_What you need to do_. Repeat the listing below word for word, minus the pictures.

_Data shown_.
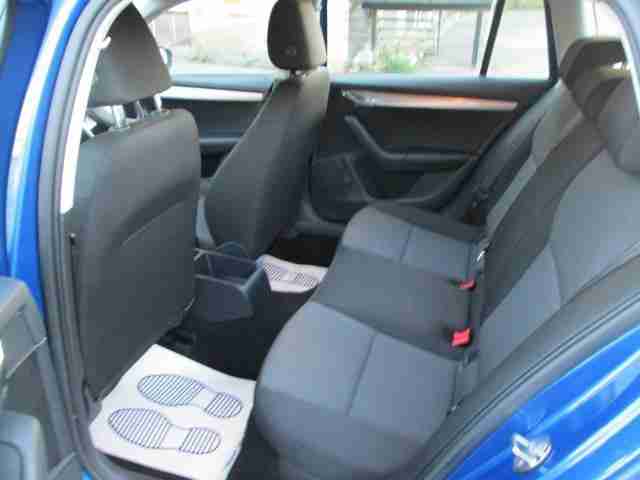 Skoda Octavia 1.6TDI CR ( 105ps ) 2013.5MY
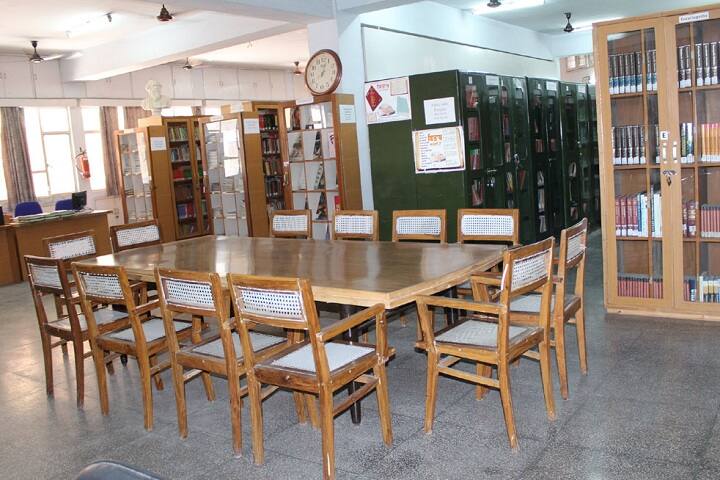 Guru Nanak Girls College campus in Ludhiana, Punjab, India — photo 4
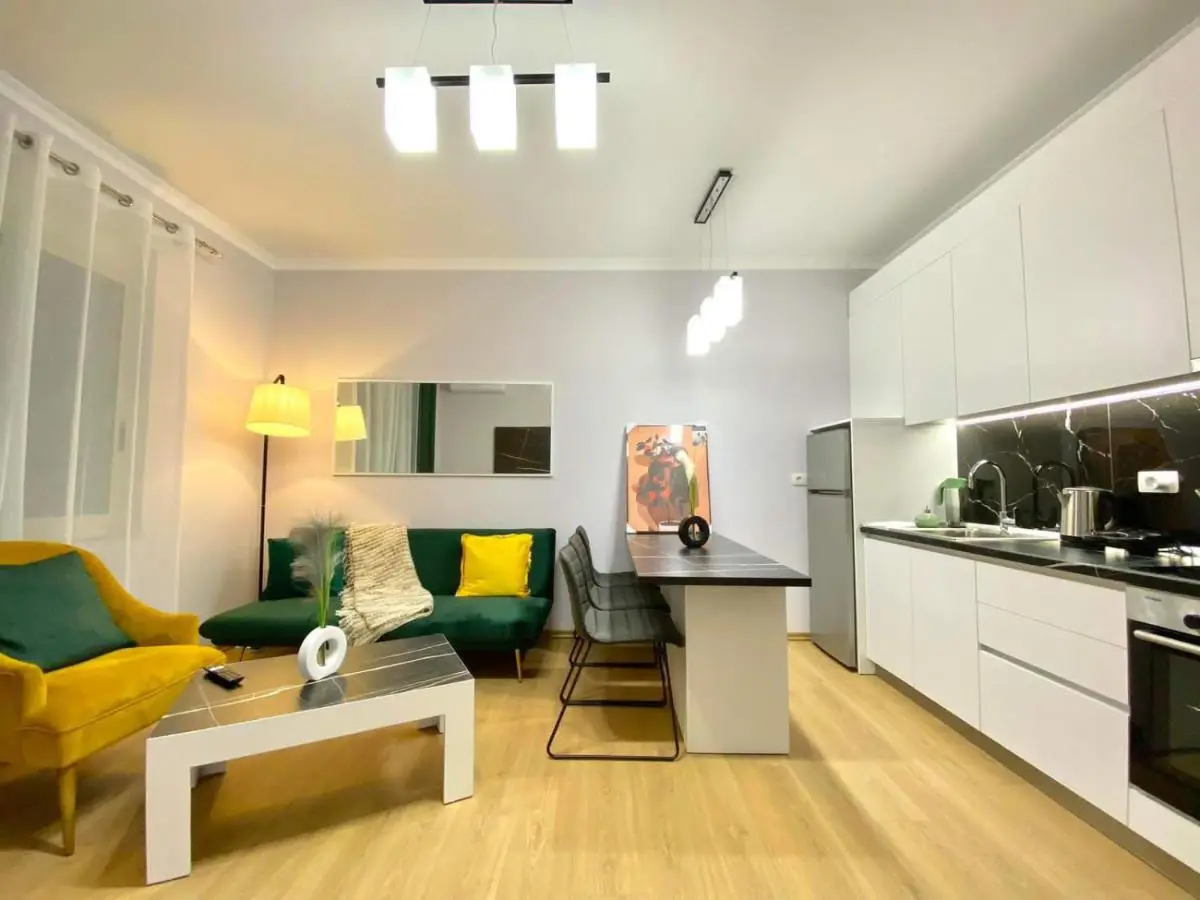 Signature apartment 11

_Output below_.
 Skoda Octavia 1.6TDI CR ( 105ps ) 2013.5MY
 Guru Nanak Girls College campus in Ludhiana, Punjab, India — photo 4
 Signature apartment 11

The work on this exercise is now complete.